[Short descriptive text snippets]
┏━━
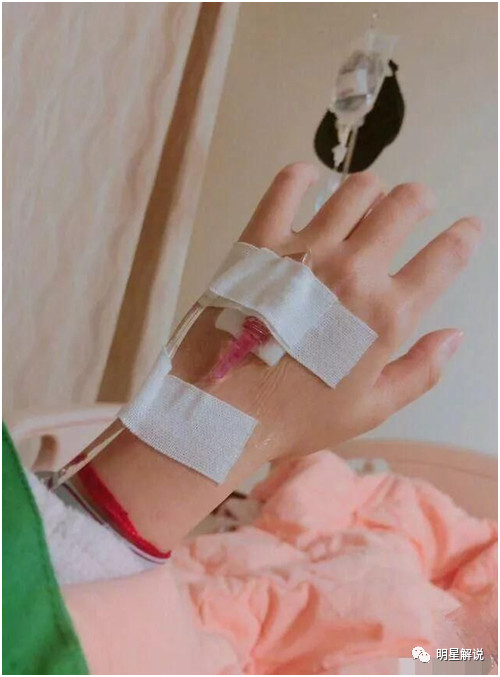 安以轩否认宫外孕,怕失人气,术后四天即参加活动面容憔悴!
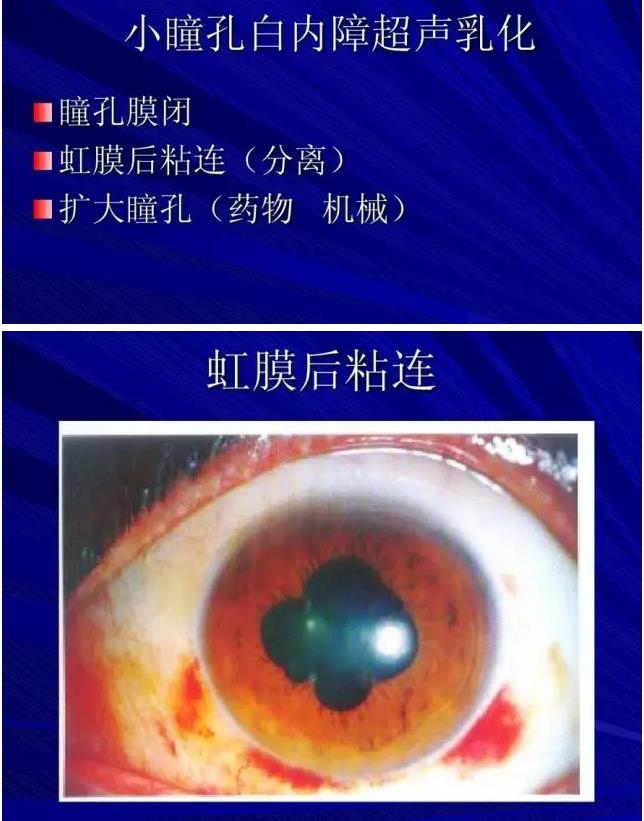 Phaco������������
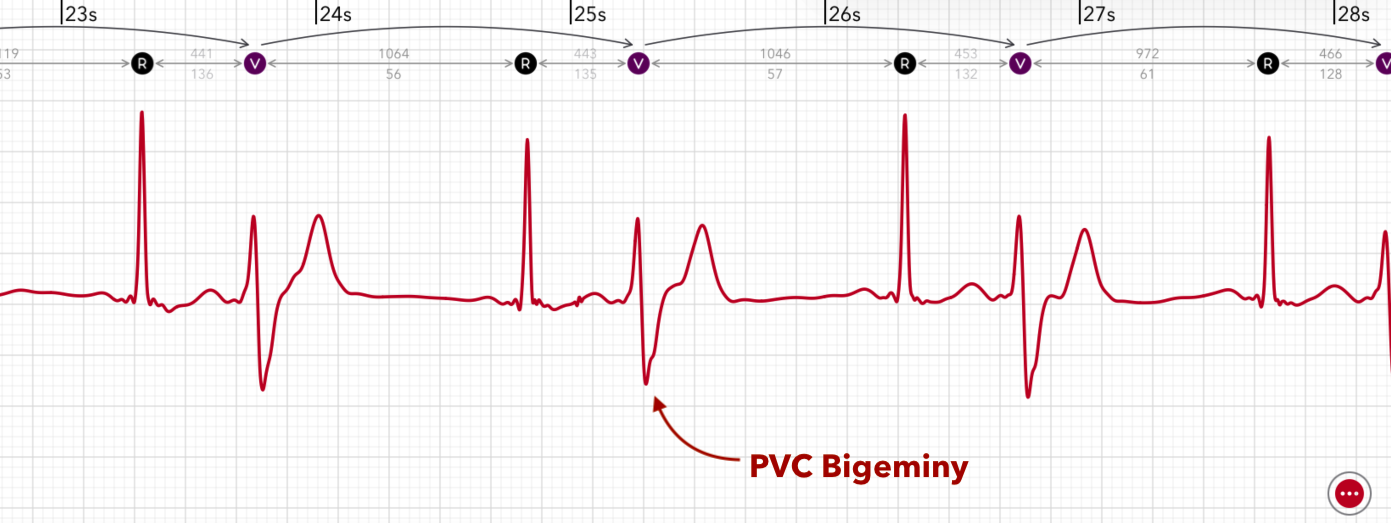 ECG+ 应用显示 Apple Watch ECG 上的 PVC 二联律，每隔一次心跳就是一次室性期前收缩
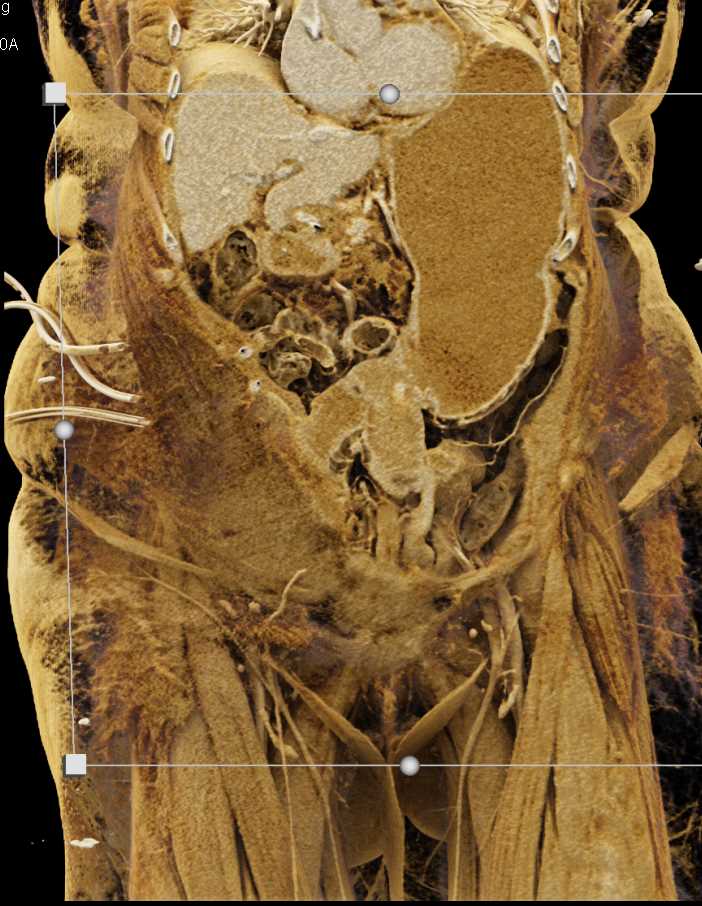 Active Bleed in a Gastrojejunostomy - CTisus CT Scan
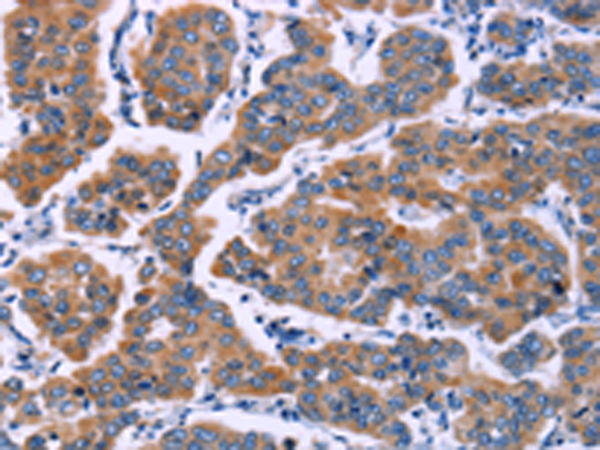 Anti-ZEB2 Rabbit Polyclonal Antibody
┗━━
▶ **Exercise brief**: Exclude every picture, then reproduce the remaining data character for character.

▶ **Result of the exercise**:
 安以轩否认宫外孕,怕失人气,术后四天即参加活动面容憔悴!
 Phaco������������
 ECG+ 应用显示 Apple Watch ECG 上的 PVC 二联律，每隔一次心跳就是一次室性期前收缩
 Active Bleed in a Gastrojejunostomy - CTisus CT Scan
 Anti-ZEB2 Rabbit Polyclonal Antibody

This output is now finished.